§ AVAILABLE DATA:
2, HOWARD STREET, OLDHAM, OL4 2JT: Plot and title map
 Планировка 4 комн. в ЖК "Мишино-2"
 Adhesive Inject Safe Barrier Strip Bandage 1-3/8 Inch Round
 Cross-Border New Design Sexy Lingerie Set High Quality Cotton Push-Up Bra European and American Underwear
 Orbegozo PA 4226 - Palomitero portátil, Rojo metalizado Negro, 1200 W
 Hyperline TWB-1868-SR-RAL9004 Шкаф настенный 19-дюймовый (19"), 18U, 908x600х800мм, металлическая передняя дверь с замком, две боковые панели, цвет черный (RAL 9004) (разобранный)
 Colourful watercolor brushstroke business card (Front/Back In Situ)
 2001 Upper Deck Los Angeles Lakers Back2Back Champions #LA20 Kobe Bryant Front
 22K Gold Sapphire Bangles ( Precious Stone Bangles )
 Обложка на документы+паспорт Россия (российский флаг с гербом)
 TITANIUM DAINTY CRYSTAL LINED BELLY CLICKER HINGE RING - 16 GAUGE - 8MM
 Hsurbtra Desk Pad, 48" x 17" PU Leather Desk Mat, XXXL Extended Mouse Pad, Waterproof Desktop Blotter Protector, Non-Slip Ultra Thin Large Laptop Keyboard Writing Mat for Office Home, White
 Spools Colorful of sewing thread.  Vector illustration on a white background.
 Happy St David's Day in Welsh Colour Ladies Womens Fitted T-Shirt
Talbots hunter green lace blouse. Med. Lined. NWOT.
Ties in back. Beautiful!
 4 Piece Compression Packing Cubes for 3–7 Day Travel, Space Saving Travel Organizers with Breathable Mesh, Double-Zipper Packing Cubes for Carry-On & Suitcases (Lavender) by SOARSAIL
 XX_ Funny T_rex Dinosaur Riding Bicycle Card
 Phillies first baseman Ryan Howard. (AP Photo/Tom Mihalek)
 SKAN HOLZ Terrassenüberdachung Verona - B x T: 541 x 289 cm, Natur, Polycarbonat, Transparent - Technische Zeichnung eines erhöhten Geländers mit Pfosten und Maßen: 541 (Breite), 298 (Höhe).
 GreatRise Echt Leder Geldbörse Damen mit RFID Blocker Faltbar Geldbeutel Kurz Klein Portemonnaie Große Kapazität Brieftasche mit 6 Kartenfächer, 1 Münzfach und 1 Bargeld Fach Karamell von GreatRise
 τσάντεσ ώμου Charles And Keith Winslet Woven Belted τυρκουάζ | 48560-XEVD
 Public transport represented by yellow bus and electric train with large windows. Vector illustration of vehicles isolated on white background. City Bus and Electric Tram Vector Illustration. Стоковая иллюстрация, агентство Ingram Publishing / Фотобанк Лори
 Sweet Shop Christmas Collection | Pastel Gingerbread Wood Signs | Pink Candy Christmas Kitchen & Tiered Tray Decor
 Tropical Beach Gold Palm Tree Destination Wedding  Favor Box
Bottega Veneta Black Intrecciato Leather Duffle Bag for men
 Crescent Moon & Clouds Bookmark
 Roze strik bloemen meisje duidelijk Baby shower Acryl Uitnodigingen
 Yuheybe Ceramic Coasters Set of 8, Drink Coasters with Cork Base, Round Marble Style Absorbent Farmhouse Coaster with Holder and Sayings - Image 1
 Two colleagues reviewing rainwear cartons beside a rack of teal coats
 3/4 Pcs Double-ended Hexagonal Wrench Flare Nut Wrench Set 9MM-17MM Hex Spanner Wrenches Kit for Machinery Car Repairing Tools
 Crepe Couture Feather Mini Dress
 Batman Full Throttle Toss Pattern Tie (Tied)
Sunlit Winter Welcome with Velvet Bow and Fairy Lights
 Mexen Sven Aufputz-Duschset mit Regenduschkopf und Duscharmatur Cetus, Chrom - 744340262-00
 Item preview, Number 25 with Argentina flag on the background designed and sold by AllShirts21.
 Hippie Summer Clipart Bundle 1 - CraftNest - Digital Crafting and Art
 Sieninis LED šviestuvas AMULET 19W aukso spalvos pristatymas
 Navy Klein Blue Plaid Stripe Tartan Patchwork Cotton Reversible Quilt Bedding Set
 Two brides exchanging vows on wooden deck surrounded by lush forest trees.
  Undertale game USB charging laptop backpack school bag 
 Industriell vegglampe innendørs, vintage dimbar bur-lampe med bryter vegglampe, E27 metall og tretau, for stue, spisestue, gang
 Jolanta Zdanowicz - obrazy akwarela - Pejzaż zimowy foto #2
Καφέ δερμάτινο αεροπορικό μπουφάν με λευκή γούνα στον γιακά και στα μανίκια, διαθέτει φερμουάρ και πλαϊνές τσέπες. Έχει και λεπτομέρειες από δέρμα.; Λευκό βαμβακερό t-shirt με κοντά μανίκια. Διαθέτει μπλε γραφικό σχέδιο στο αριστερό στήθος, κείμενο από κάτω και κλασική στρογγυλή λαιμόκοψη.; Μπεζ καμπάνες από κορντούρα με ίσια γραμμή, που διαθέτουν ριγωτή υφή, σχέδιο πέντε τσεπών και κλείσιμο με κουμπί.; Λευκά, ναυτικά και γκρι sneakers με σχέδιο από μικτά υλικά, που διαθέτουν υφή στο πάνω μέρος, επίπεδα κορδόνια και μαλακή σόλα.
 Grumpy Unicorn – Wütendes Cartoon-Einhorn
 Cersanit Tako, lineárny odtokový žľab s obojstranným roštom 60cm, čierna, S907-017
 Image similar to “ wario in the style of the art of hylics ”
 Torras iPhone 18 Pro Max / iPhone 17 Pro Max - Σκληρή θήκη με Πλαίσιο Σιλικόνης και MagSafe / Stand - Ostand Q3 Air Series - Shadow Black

§ PROBLEM REQUIREMENTS: From the data, list each line in which the string "Leather" appears.

§ WORKED SOLUTION:
 Hsurbtra Desk Pad, 48" x 17" PU Leather Desk Mat, XXXL Extended Mouse Pad, Waterproof Desktop Blotter Protector, Non-Slip Ultra Thin Large Laptop Keyboard Writing Mat for Office Home, White
Bottega Veneta Black Intrecciato Leather Duffle Bag for men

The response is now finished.